There's a question similar to this, but it asks if you simply can decrypt SSL with the certificate.
So my question is, if you capture all traffic from a device using Wireshark then shouldn't you have at least enough information to decrypt incoming traffic? What I've heard is that the server sends a public key which the computer uses to generate a symmetric key to encrypt data which can only be decrypted on the server. But then if everything is encrypted, how does the browser decrypt incoming traffic? And can't that be intercepted, or how how else is the browser going to be able to decrypt what the server sends?
I also used Fiddler and it seems that Fiddler can read https traffic when I'm on facebook and stuff, so how does that exactly work then?

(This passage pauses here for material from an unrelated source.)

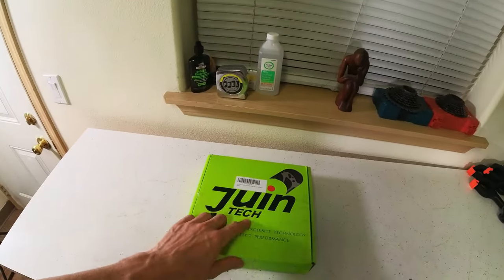Hey folks, Chris here, and I'm going to show you the Junetech Cable Pull Hydraulic Brakes. I don't usually do unboxing videos because I think they're kind of cheesy, but I'm kind of excited about these. So I wanted to show these things to you — I'll take them out of the box and show you what you're going to get when you order these, everything that's inside, and a couple of things you're actually going to want to order alongside them. So let's check them out.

Fiddler acts as a man-in-the-middle: it sends its own self-generated certificates, with its own private/public key pairs, to the client. Hence, when the client sends the symmetric key to the Fiddler, it does so using the public key that matches the private key that Fiddler itself already has. See What is point of SSL if fiddler 2 can decrypt all calls over HTTPS? to understand how the browser can be configured to allow this.
After Fiddler gets the decrypted traffic, it resends the requests to the server, pretending to the server like it is the client, using the server's public key to encrypt a new symmetric key that is used to talk from Fiddler to the server.
[Client] -FiddlerPublicKey(SymmetricKey1)--> [Fiddler] -ServerPublicKey(SymmetricKey2)--> [Server]
In contrast, Wireshark can decrypt the traffic when you provide it with the server's private key; it can look for the message where the client sends the symmetric key and decrypt it using the (normally secret) private key that the server ordinarily holds.